NA.home通信 449号
20.May.2018

 改修なった姫路城、他を圧倒するスケールに驚かされる。
 ガイドさんによれば、完成直後から補修改修の連続で、400年維持してきたという。たいへんな努力と資金が必要だったろう。

 お城は戦国時代と思いきや、多くは江戸時代のもので、明治の廃藩置県でたくさん壊された。明治政府が反逆を恐れたからだが、もったいないことをしてくれた。
 名古屋城も「徳川」だから、解体される予定だったが、城を持った旧藩主たちが声を上げて、名古屋城を守ったと聞く。それで国宝の第1号に指定された。
 国宝になったことで詳細な調査がされ、図面をはじめたくさんの資料が出来上がった。ウチにも本丸御殿の図面があるが、襖の取っ手や、長押の釘隠しまで図面になっている。この図面は建築士会から御殿の再建運動の資金に買わされた。要らないからネットで売ろうと思っている。
 
 図面があるから造りたくなる。気持ちは解らないでもない。どっかの市長さん。御殿が出来たから天守閣だって?、姫路城見たかな。建っているだけで金食い虫なのだ。文化財だから仕方が無いが、それを新築するって、狂気の沙汰である。
 「本物を見たぁだろう」と言われてもそれは本物じゃない。図面通り造ったコピーだ。
 本物というのはその時代の人が命をかけて造ったものを言う。住宅ローンを背負って建てた小住宅の方がよほど本物だ。

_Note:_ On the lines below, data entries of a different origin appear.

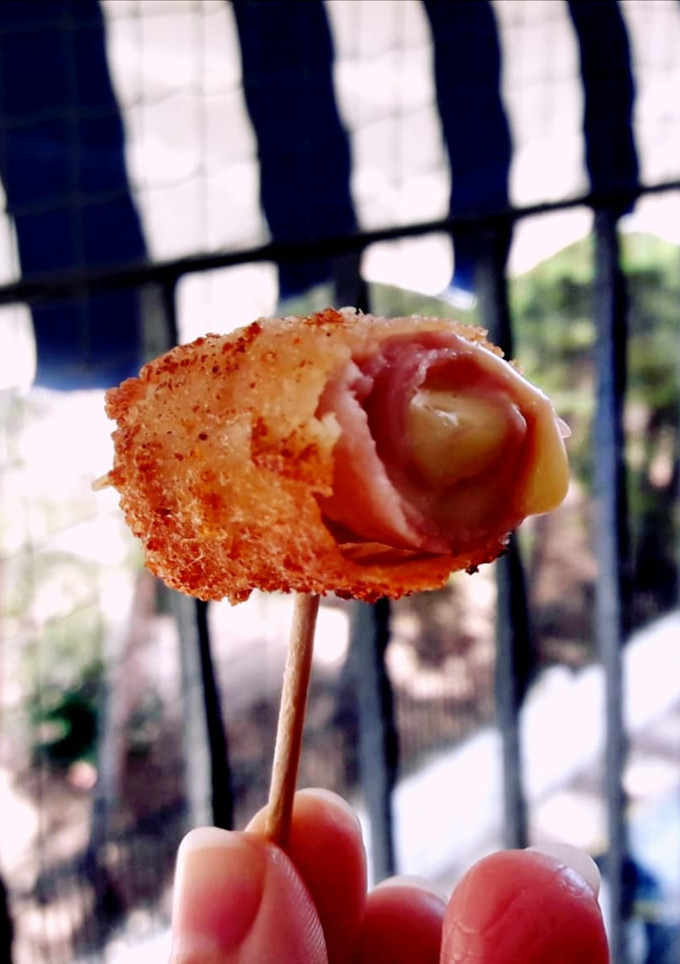 Una foto de Mini flamenquines de jamón y queso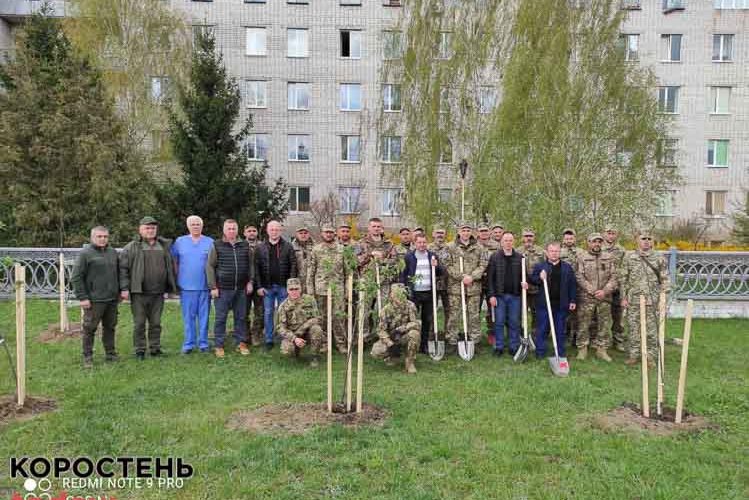 У Малині військові висадили майже 60 дерев  у пам’ять про загиблих бійців прикарпатської “десятки” (ФОТО)
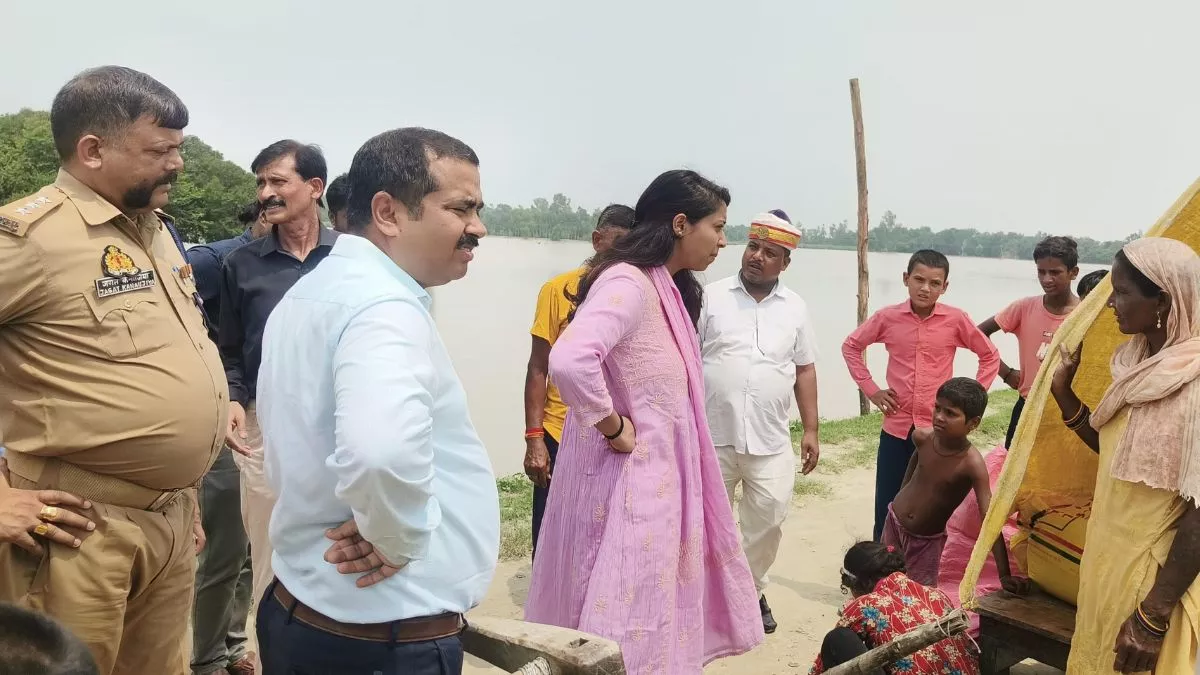 बाराबंकी में लाल निशान से 47 सेंटीमीटर ऊपर पहुंची सरयू, घरों में पहुंचा बाढ़ का पानी; ग्रामीणों का पलायन शुरू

 どうせ重機や電動工具で造るのなら、現代と歴史とを合体した平和の象徴である天守閣にするべきである。それならコピーではなく「本物」になるのかもしれない。エレベーターを付けないなんて考えられない。訪れた人々が皆、笑顔にならなければ意味が無い。
 
 信長の安土城、秀吉の大阪城、家康の江戸城、○○の名古屋城にしてはならない。